NEWRY — Sam Morse knows how to go down Sunday River’s Monday Mourning trail about as fast as anyone ever has. But put a fellow racer next to him, and the Carrabassett Valley Academy grad and U.S. national team member has some questions.

“I was struggling with that today because you kind of want to know where he is and see him, but you don’t want to see him because that means you’re losing to him,” Morse said.

The Visit Maine Pro Ski Championships is serving as an invigorating way for Morse to wind down a memorable season that included four World Cup starts. But he wasn’t the only one learning on the fly at Friday’s time trials.

“We’re all at the start discussing different tactics and theories and trying to figure out what’s fastest here,” he said. “It’s pretty exciting.”

After 80 runs, including the World Pro Ski Tour’s first-ever female competitors, the seeds are set for Saturday’s elimination round, which start at 11 a.m.

U.S. Olympian Mark Engel of Truckee, California, earned the top seed with the best time of the day, 25.73 seconds, on his second run after he went off course in his first run.


Boston College senior Connor Robertson of York emerged as the surprise No. 2 seed, finishing .03 behind Engel on his second run. Michael Ankeny of Wayzata, Minnesota, had the third-best time, 25.78. He trails U.S. Olympian Nolan Kasper of Warren, Vermont, by one point for the overall championship on the final stop of the three-leg tour.

Morse, who will be the No. 18 seed, was part of a notable Dartmouth College contingent, many of whom were trying dual skiing for the first time, including NCAA All-American Brian McLaughlin of Topsfield, Massachusetts.

“It definitely takes getting used to,” said McLaughlin, a senior at Dartmouth who made his World Cup debut in Colorado last December. “I haven’t skied too many dual slaloms like this, but it’s a lot of fun.”

McLaughlin’s Dartmouth teammate, Foreste Peterson, who also made her World Cup debut this season, posted the best time in the new women’s division, 27.10, in her second run.

“I have (tried this) a couple of times, in New Zealand this year and then just some panel slalom training,” she said. “Since today was just a qualifying round, I was just trying to get a good feeling for the snow and the course set and also the jumps, because those are a little difficult for me. I think I handled them alright.”

Like many of the racers, Peterson encountered something different about the race before she even started. Accustomed to a wand start, she and other racers stood behind a bar waiting for the starter’s signal.


“That’s going to be a big ticket for tomorrow, nailing your start,” she said. “You really want to make sure you time it so you’re pushing out as (the gates) open. There’s a fine line between going too soon and not soon enough.”

Peterson said demand for a women’s bracket rose quickly after the World Pro Ski Tour held its inaugural race at Sunday River last year.

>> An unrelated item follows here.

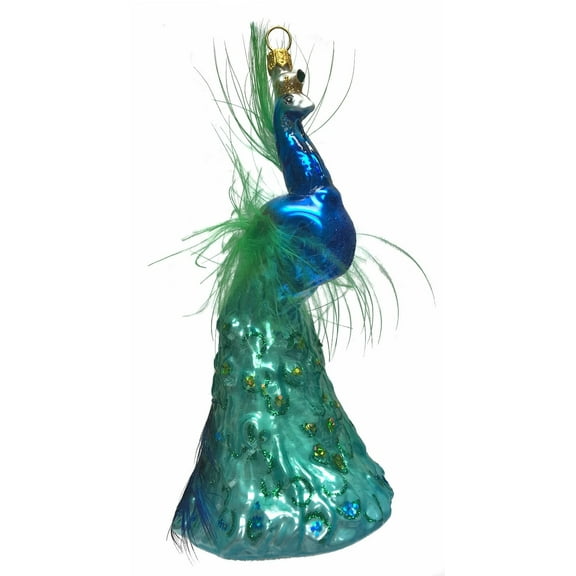 Peacock with Glitter and Feathers Polish Glass Christmas Ornament Bird Wildlife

“I’m friends with a lot of the guys who have been racing and they asked for my input, and I said, ‘Yeah, definitely. The girls want to race,'” she said.

Eight women competed Friday and will begin their elimination bracket Saturday afternoon after the men’s bracket is whittled down to eight.

Peterson hopes to see the women’s field grow next year, and for the purse to match the men’s $30,000, with $10,000 for the winner.

“It’s nice to feel like we’re wanted here,” said Peterson, who is a senior at Dartmouth. “It’s definitely a step in the right direction that they have a women’s bracket.”


Masen Kasper decided to join his older brother at Sunday River, but not to cheer him on. It was his first time since youth snow duals that he’d raced competitively in the format.

“I really feel like I have to ski a bit more aggressive (on Saturday),” he said. “Today, I kind of just made it down and I realized that I skied a little bit too conservative. I could definitely push it a bit more.”

While the Kaspers didn’t get a chance to race each other, Alec and Ace Tarberry of North Conway, New Hampshire, went head-to-head in the first qualifying run in the tour’s previous event at Waterville Valley last month.

A former U.S. National team member, most recently in 2012, Ace said the tour is a perfect way to stoke the competitive fires again.

“It’s just a great way to show up and race against high-level racers without having to do it year-round,” said Ace, who is 30.

Rain and warm weather softened the snow on Thursday morning, but skiers said salt applied before the first run made conditions better throughout a sunny afternoon.

A marked difference in the times between the red and blue courses became apparent during the first run. The red course produced the vast majority of the best times, something organizers expect to correct for Saturday.

“The blue one was definitely a bit more turny,” Kasper said. “On the red one, you could just pin it, so you had a little bit more speed.”

Dartmouth junior Alex Dlouhy, a Montreal native, is the No. 2 seed in the women’s race.